§ **DATA PROVIDED**

+++

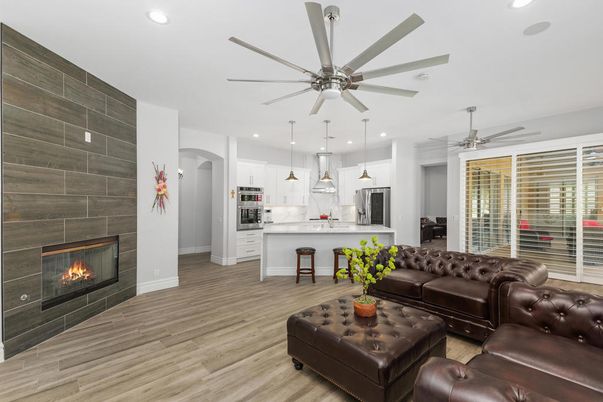 Fireplace, Interior, Kitchen, Living room, Pendant Lights, Recessed Lighting, Stainless Steel Appliances, Wood Texture Flooring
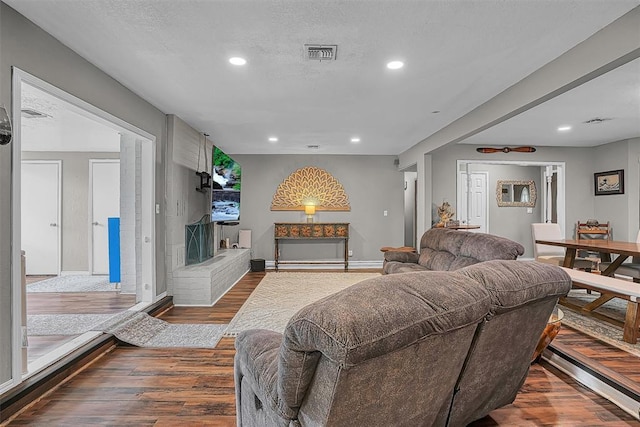 living room featuring recessed lighting, wood finished floors, and visible vents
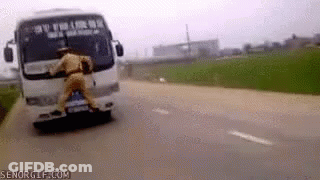 A Man In A Police Uniform Is Pushing A Bus Down A Road . GIF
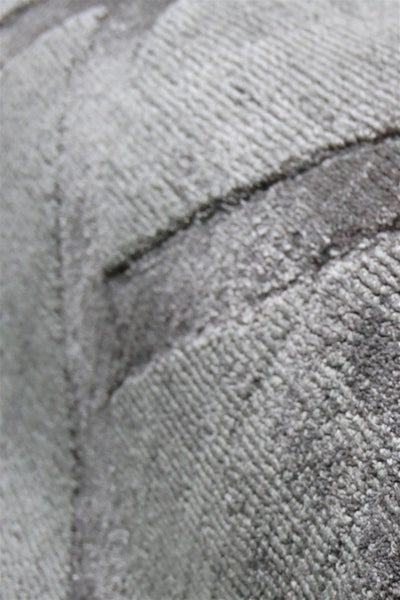 Detailaufnahme eines grauen Teppichs mit strukturierter Oberfläche, Rillenmuster und weichen Textilfasern.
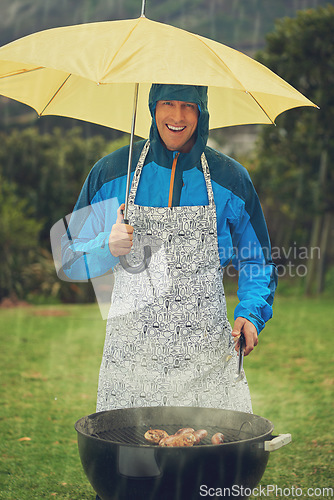 Image of Happy man, portrait and umbrella in rain for barbecue meal, supper or dinner on the fire grill. Male person smiling for insurance, cover or protection while cooking under raining or stormy weather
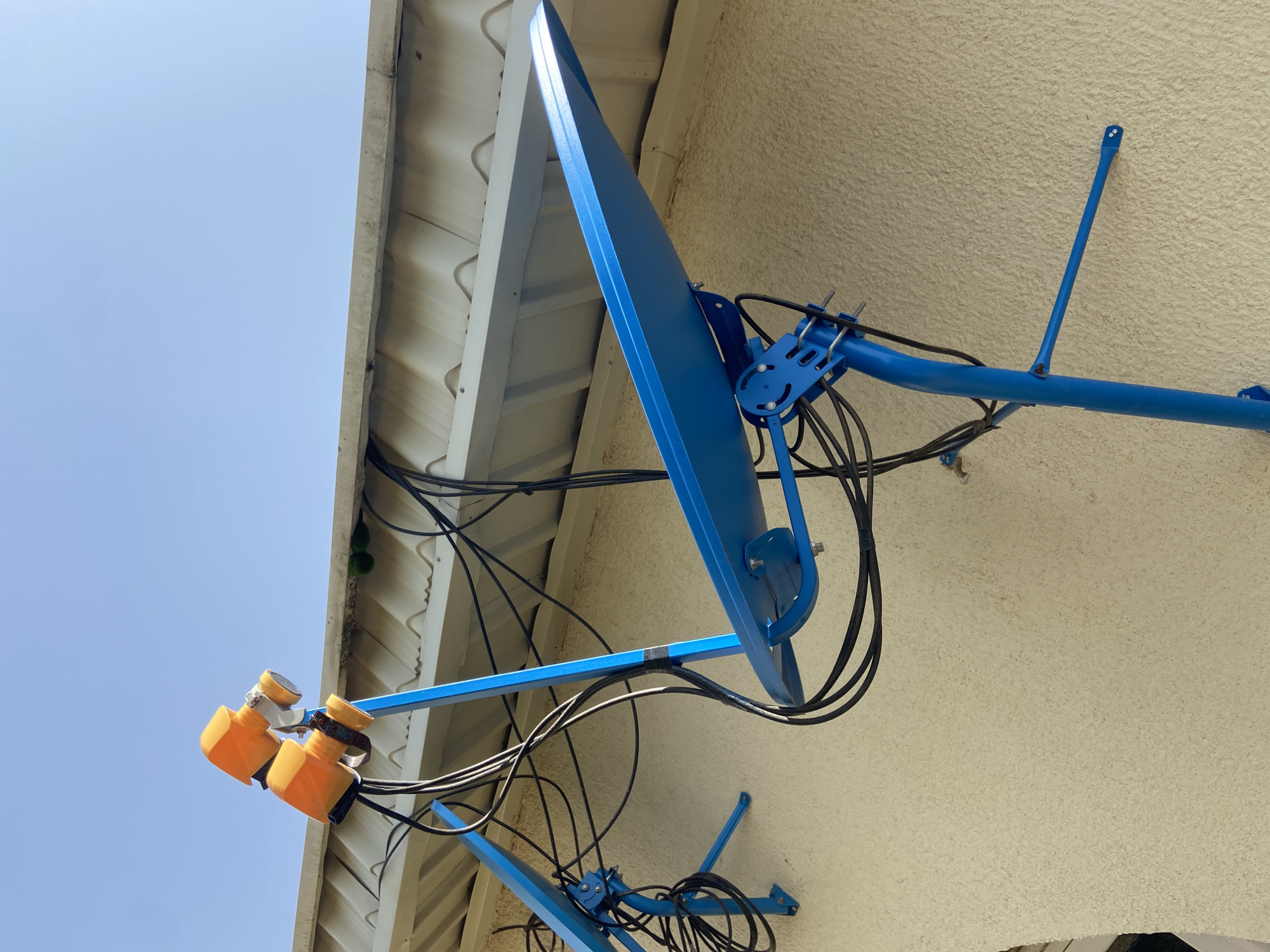 The image shows a close-up, low-angle shot of a blue satellite dish mounted on a stucco wall. The dish is tilted upwards, with its reflective surface prominently displayed. Two orange LNBs (Low-Noise Block downconverters) are attached to the arm of the dish. Several black cables are bundled and run from the LNBs, down the arm, and towards the wall.
The setting appears to be outdoors, with a clear blue sky visible in the upper left portion of the image. A portion of a white, corrugated roof overhang is visible on the left side, partially obscuring the sky. The wall is textured stucco, a common building material.
There are no people visible in the image. The activity taking place is the installation or presence of the satellite dish, likely for receiving television or internet signals.
Notable details include the bright, clear sky suggesting it is daytime, likely sunny. The angle of the dish suggests it is pointed towards a satellite in orbit. The stucco texture of the wall and the visible roof suggest a residential or commercial building. There is no visible text in the image. The overall impression is of functional outdoor equipment against a bright sky and textured wall.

+++

§ **WORK ITEM**
Please retype the lines from the one containing "living room featuring" through the last line of the records above, exactly as written, and leave out any pictures.

§ **WRITTEN SOLUTION**
 living room featuring recessed lighting, wood finished floors, and visible vents
 A Man In A Police Uniform Is Pushing A Bus Down A Road . GIF
 Detailaufnahme eines grauen Teppichs mit strukturierter Oberfläche, Rillenmuster und weichen Textilfasern.
 Image of Happy man, portrait and umbrella in rain for barbecue meal, supper or dinner on the fire grill. Male person smiling for insurance, cover or protection while cooking under raining or stormy weather
 The image shows a close-up, low-angle shot of a blue satellite dish mounted on a stucco wall. The dish is tilted upwards, with its reflective surface prominently displayed. Two orange LNBs (Low-Noise Block downconverters) are attached to the arm of the dish. Several black cables are bundled and run from the LNBs, down the arm, and towards the wall.
The setting appears to be outdoors, with a clear blue sky visible in the upper left portion of the image. A portion of a white, corrugated roof overhang is visible on the left side, partially obscuring the sky. The wall is textured stucco, a common building material.
There are no people visible in the image. The activity taking place is the installation or presence of the satellite dish, likely for receiving television or internet signals.
Notable details include the bright, clear sky suggesting it is daytime, likely sunny. The angle of the dish suggests it is pointed towards a satellite in orbit. The stucco texture of the wall and the visible roof suggest a residential or commercial building. There is no visible text in the image. The overall impression is of functional outdoor equipment against a bright sky and textured wall.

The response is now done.